According to the NIH, autoimmune dieseases will manifest various symptoms that are specific to the disease, but there are some that are common, such as:

• Dizzines
• Fatigue
• General ill-feeling
• Low-grade fever

Celiac disease is a genetic autoimmune disease in which gluten and other proteins (wheat, barley, and rye) damage the lining of the small intestines. There is no cure, and at this point can be treated only through strict dietary measures. Even trace amounts can cause continued damage to the gut, with or without symptoms. This drawing which I borrowed from the Celiac Disease Foundation shows the interior wall of the small intestine. It is lined with tiny hairlike villi which absorb the nutrients from food as it passes through the intestines. Celiac disease flattens these villi, making it more difficult for us to get the nutrients we need, and in turn-- causing a whole host of other problems.

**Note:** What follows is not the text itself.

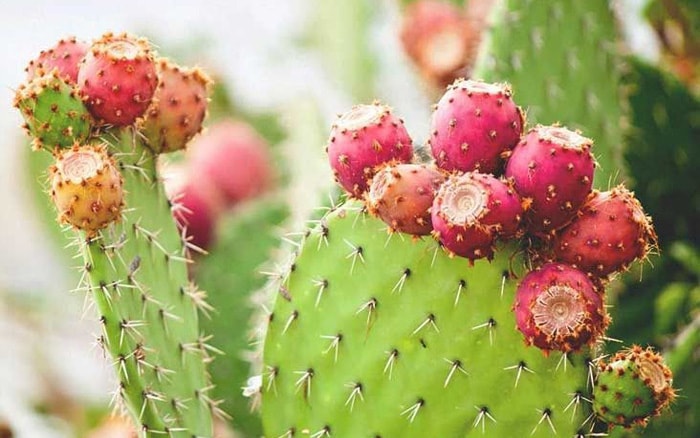 Loại quả chẳng có gì hiếm lạ ở Việt Nam, mọc khắp nơi ăn không mất tiền, thế nhưng lại được bán 300.000/hộp 6 quả ở nước ngoài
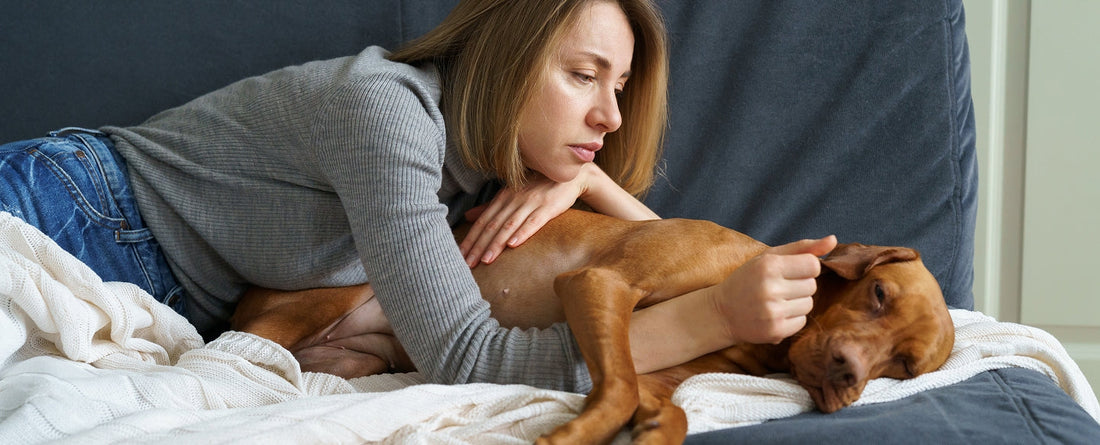 Why Is My Dog Vomiting After Exercise? Causes & How to Stop It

According to an article in The North Jersey News:

"There are three necessary components to celiac... You need to carry the gene that predisposes you to the disease. You need exposure to the gluten, and you need a trigger mechanism. Right now we don’t really know what that trigger might be, but once it’s triggered into action, it doesn’t go away" (North Jersey News, Dec. 1, 2009).

The Celiac Disease Foundation states that "Celiac disease affects more people than all of these disorders combined" and that "97% of people with Celiac Disease go undiagnosed. Celiac Disease is one of the most common genetic conditions in the world. Celiac is a multi-symptom, multi-system disorder, activated by eating gluten - proteins found in wheat, rye and barley. Symptoms vary and are not always gastrointestinal." So just because you aren't having a stomach ache or some other digestive issue, does not necessarily mean you are free from having celiac, especially if you have a family history of digestive troubles.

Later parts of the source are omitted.